■ **TASK ITEM**: Please repeat exactly the lines below from the line with "Shoe footwear pants white." to the line with "Under Armour Women's", including both, and leave out every picture.

■ **SOURCE MATERIAL**:
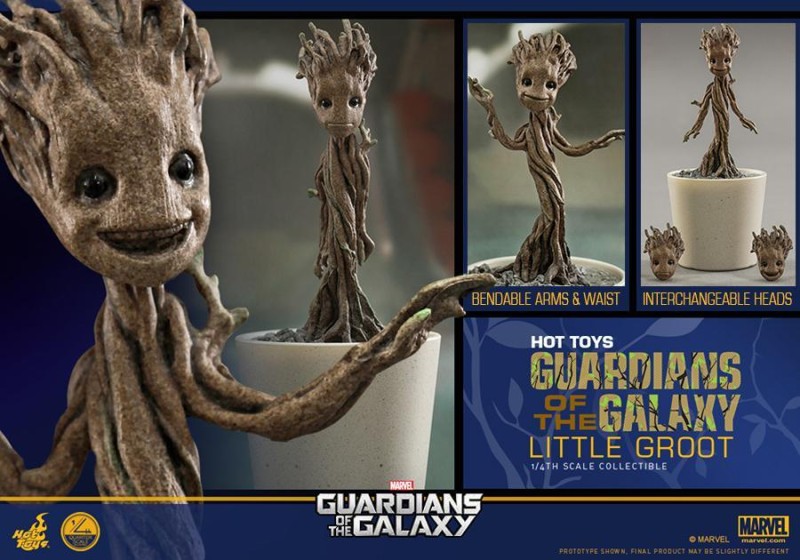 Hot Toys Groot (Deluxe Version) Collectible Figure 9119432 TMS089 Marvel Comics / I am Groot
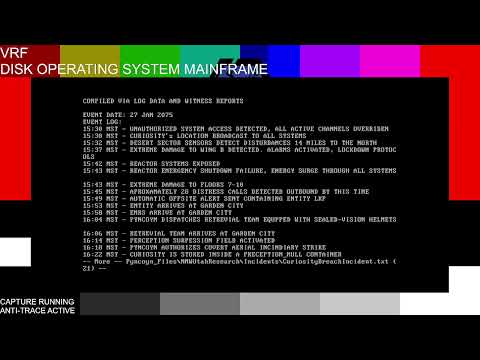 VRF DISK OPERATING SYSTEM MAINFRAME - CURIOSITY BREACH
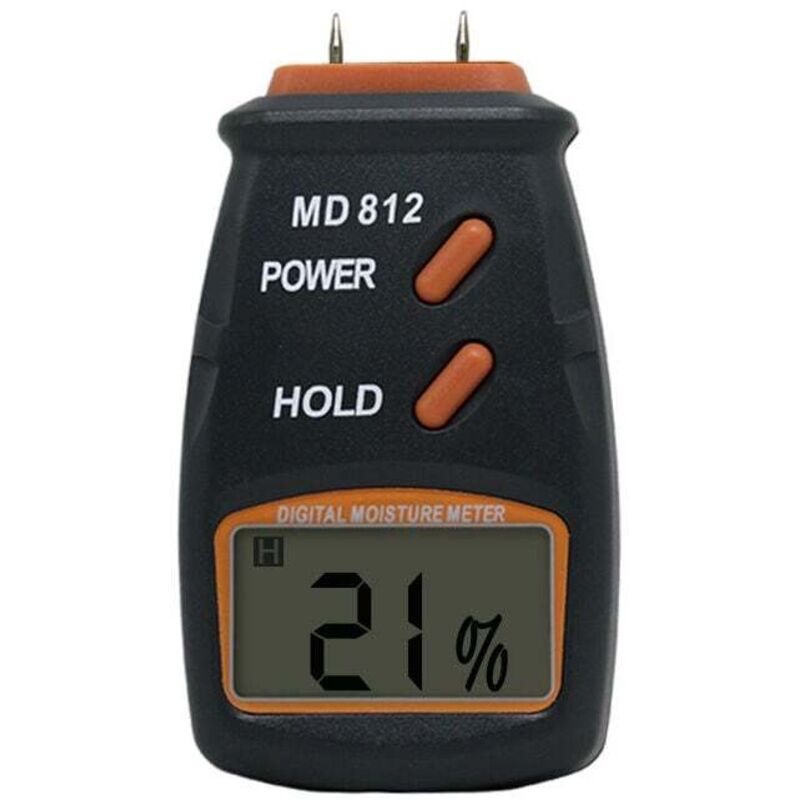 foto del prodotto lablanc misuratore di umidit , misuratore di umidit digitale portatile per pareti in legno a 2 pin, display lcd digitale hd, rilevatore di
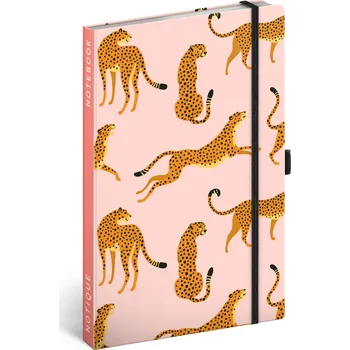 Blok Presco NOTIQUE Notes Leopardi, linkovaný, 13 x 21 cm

---

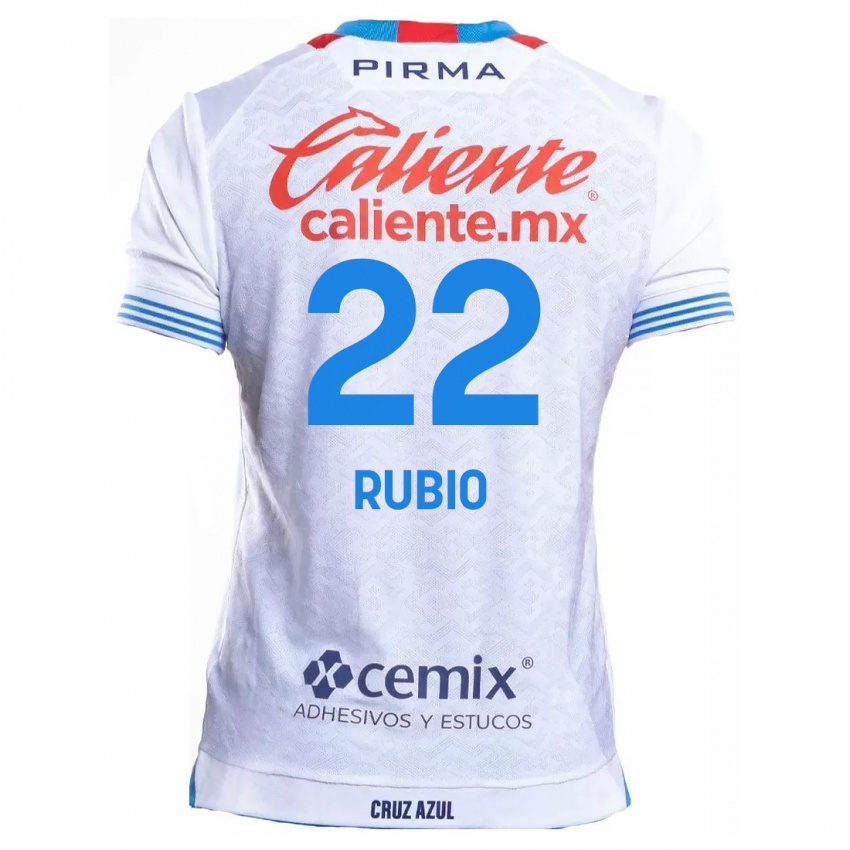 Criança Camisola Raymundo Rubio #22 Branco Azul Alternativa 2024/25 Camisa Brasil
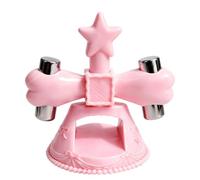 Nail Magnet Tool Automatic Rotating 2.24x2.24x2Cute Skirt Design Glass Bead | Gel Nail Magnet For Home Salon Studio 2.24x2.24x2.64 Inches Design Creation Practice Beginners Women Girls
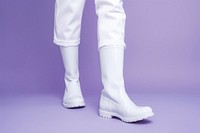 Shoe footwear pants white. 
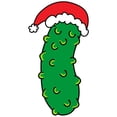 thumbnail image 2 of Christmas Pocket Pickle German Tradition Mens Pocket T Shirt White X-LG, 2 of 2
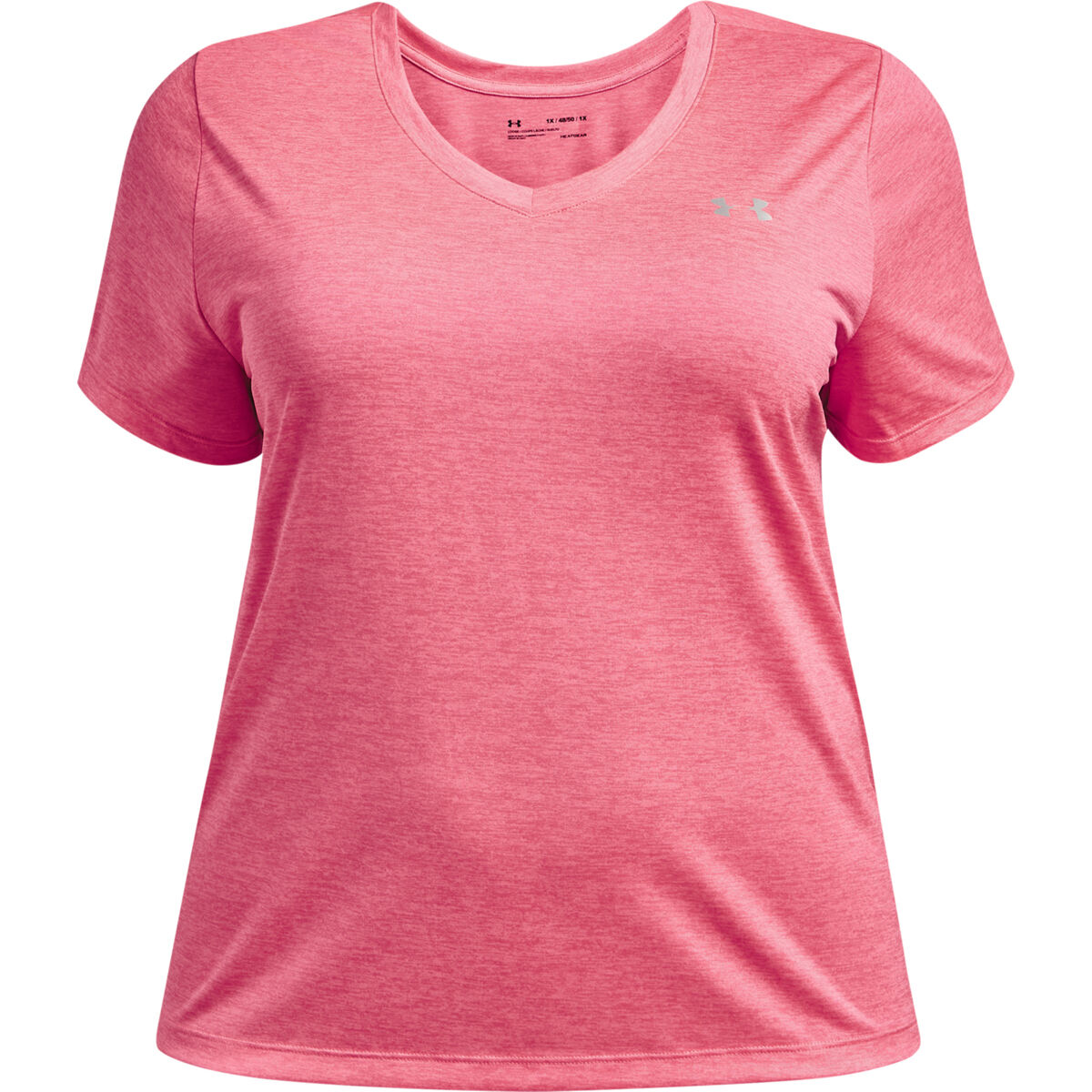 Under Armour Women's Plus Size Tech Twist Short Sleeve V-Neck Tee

* * *

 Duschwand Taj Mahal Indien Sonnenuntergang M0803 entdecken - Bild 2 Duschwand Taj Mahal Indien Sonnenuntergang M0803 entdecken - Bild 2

■ **ANSWER TO THIS PROBLEM**:
 Shoe footwear pants white. 
 thumbnail image 2 of Christmas Pocket Pickle German Tradition Mens Pocket T Shirt White X-LG, 2 of 2
 Under Armour Women's Plus Size Tech Twist Short Sleeve V-Neck Tee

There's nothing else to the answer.